Malicious Programs: Their Past, Present and Future

Jul 30, 2005 14:59 GMT  ·  By

Kaspersky Lab issued a new analysis of trends in malware evolution. The study shows that cyber criminals are changing tactics to improve their return on investment.

Senior virus analyst Yury Mashevsky studied the changes in the numbers of malicious programs that have been added to the Kaspersky Anti-Virus database in the period from January 2003 through May 2005 to confirm a hypothesis proposed earlier in the year by Kaspersky Lab analysts: Internet criminals are indeed moving towards better defined structures and clearer business processes.

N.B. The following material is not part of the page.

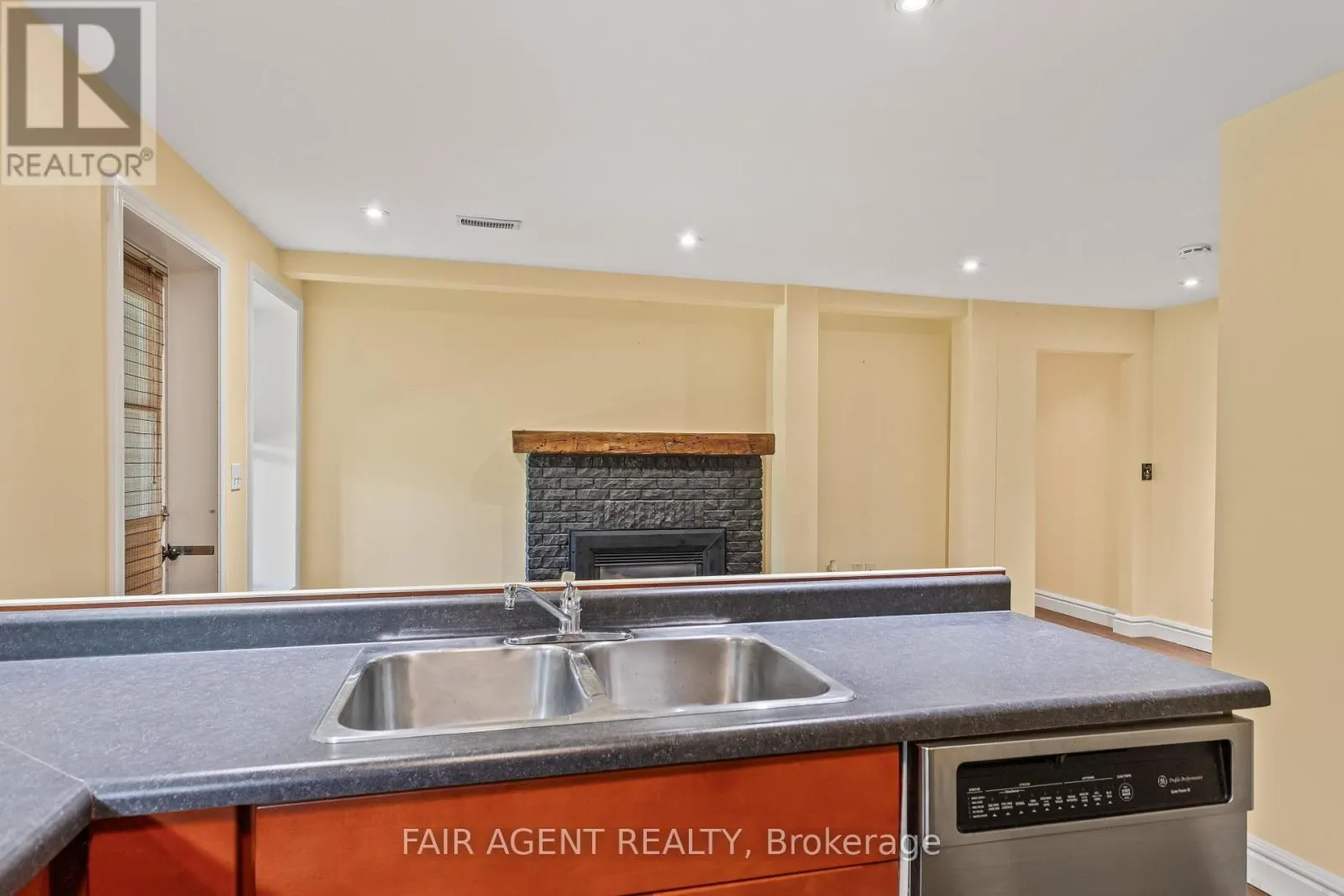 26 DALY AVENUE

The full report "Watershed in Malicious Code Evolution" is published in the Analysis section of the viruslist.com website. Yury Mashevsky comments, "The rate at which VirWare (viruses and worms) and TrojWare (Trojans and spyware) programs were added to antivirus databases indicates that cybercriminals are changing their tactics. Instead of organizing large-scale virus outbreaks, cyber criminals are mailing spam containing Trojans and backdoors that are not capable of propagating on their own."

The article also illustrates the explosive growth in AdWare programs detected by Kaspersky Anti-Virus, discusses the surge in the number of new malicious programs for platforms other than MS Windows (Symbian, UNIX, .NET), and analyzes changes in the frequency with which updates of Kaspersky Anti-Virus databases are released.

Yury Mashevsky concludes that we can expect regional mailings of malicious programs, which will be designed to make it more difficult to detect the malicious program in the region where it was originally spammed.

The most important is that the criminal market for malicious programs is far from saturated and this market will continue to expand, leading to cyber wars between a decreasing amount of larger and better-organized criminal groupings.

As you can see, the war against viruses is far from over and virus writers will migrate to new platforms along with users.